#### Task requirements
Nothing but the lines from the one containing "view of yard" to the end of the material should be returned, each exactly as written.

#### Material provided
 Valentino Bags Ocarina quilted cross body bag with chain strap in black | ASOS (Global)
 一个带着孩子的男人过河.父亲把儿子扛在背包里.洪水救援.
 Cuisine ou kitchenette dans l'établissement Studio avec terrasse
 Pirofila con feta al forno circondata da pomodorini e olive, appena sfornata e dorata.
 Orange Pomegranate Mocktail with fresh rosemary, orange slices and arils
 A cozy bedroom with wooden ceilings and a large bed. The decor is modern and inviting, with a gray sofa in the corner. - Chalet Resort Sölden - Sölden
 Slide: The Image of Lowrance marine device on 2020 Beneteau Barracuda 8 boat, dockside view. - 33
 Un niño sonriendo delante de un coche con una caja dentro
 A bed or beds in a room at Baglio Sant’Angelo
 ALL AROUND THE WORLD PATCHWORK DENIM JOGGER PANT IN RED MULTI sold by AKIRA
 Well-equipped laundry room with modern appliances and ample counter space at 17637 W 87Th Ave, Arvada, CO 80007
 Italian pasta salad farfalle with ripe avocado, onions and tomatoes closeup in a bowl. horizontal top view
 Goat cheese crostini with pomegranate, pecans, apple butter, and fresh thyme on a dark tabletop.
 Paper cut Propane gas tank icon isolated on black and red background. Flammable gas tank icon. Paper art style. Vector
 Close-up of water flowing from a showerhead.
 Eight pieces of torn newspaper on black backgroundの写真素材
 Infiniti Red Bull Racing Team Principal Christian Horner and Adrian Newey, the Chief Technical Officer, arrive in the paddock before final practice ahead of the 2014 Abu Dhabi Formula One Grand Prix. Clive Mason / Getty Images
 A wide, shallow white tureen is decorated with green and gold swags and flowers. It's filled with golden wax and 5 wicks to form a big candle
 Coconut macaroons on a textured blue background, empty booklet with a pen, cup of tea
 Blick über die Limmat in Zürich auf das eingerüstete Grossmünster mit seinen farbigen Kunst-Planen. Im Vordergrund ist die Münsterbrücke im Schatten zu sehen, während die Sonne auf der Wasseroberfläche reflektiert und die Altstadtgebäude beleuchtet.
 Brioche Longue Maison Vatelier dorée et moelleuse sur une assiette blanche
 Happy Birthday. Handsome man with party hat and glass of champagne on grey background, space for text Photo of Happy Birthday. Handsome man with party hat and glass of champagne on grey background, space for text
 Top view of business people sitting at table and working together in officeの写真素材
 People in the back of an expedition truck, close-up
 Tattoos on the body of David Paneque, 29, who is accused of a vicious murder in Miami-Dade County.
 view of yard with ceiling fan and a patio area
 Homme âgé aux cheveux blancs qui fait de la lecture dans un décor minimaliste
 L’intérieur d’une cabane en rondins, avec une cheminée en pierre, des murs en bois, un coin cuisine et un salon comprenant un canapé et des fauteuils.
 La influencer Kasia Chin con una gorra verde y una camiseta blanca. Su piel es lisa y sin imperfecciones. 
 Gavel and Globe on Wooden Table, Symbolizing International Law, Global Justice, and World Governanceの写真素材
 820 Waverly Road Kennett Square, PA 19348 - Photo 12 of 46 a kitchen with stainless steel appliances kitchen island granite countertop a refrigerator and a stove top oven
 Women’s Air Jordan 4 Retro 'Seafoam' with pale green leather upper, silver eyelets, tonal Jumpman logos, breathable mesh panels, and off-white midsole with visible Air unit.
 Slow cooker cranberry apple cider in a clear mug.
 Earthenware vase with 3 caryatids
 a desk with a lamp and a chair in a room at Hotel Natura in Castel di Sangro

#### Reply to the exercise
 view of yard with ceiling fan and a patio area
 Homme âgé aux cheveux blancs qui fait de la lecture dans un décor minimaliste
 L’intérieur d’une cabane en rondins, avec une cheminée en pierre, des murs en bois, un coin cuisine et un salon comprenant un canapé et des fauteuils.
 La influencer Kasia Chin con una gorra verde y una camiseta blanca. Su piel es lisa y sin imperfecciones. 
 Gavel and Globe on Wooden Table, Symbolizing International Law, Global Justice, and World Governanceの写真素材
 820 Waverly Road Kennett Square, PA 19348 - Photo 12 of 46 a kitchen with stainless steel appliances kitchen island granite countertop a refrigerator and a stove top oven
 Women’s Air Jordan 4 Retro 'Seafoam' with pale green leather upper, silver eyelets, tonal Jumpman logos, breathable mesh panels, and off-white midsole with visible Air unit.
 Slow cooker cranberry apple cider in a clear mug.
 Earthenware vase with 3 caryatids
 a desk with a lamp and a chair in a room at Hotel Natura in Castel di Sangro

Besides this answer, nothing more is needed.